* What you should do
Could you write out the lines below exactly, beginning with the first and finishing with the one that contains "4 Hillside Ct"?

* Collected data

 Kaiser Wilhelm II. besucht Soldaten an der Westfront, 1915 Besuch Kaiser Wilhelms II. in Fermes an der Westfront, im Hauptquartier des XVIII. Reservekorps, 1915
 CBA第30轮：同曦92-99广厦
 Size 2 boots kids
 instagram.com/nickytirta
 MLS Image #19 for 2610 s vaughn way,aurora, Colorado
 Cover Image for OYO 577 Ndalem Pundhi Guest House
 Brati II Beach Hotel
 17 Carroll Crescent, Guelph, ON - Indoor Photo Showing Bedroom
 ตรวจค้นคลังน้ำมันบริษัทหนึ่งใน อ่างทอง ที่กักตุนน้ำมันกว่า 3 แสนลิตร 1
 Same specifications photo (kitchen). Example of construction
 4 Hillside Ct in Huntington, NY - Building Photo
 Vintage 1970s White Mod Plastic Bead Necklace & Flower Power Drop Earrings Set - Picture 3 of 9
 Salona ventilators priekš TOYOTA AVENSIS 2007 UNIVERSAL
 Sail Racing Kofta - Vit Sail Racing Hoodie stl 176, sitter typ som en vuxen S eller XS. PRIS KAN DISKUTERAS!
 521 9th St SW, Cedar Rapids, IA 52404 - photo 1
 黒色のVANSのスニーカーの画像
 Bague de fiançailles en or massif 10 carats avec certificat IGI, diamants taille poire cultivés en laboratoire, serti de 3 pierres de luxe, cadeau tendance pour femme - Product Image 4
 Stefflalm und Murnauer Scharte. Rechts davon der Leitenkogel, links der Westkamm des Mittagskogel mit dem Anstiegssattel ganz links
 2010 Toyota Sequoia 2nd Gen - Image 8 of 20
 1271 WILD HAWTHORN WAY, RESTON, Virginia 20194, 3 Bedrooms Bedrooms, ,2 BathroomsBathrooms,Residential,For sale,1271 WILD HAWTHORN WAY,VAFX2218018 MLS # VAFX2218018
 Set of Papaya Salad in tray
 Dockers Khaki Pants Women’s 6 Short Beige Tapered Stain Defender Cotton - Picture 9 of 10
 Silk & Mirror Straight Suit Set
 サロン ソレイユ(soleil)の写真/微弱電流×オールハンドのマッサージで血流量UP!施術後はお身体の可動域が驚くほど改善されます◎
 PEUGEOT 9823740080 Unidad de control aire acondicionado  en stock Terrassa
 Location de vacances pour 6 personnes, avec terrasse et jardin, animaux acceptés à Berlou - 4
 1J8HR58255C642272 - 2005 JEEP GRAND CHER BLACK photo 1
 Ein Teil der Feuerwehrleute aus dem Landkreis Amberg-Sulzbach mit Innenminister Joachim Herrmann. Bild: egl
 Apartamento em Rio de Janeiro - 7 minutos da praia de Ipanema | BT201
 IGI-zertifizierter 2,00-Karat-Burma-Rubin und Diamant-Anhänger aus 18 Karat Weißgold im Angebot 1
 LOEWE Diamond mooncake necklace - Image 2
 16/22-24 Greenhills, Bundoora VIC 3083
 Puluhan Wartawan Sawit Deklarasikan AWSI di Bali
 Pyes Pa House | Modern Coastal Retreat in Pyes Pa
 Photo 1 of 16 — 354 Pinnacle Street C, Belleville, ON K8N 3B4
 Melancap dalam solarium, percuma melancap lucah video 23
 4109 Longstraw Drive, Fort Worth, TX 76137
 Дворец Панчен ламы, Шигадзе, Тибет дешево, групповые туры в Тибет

* Solution for this problem
 Kaiser Wilhelm II. besucht Soldaten an der Westfront, 1915 Besuch Kaiser Wilhelms II. in Fermes an der Westfront, im Hauptquartier des XVIII. Reservekorps, 1915
 CBA第30轮：同曦92-99广厦
 Size 2 boots kids
 instagram.com/nickytirta
 MLS Image #19 for 2610 s vaughn way,aurora, Colorado
 Cover Image for OYO 577 Ndalem Pundhi Guest House
 Brati II Beach Hotel
 17 Carroll Crescent, Guelph, ON - Indoor Photo Showing Bedroom
 ตรวจค้นคลังน้ำมันบริษัทหนึ่งใน อ่างทอง ที่กักตุนน้ำมันกว่า 3 แสนลิตร 1
 Same specifications photo (kitchen). Example of construction
 4 Hillside Ct in Huntington, NY - Building Photo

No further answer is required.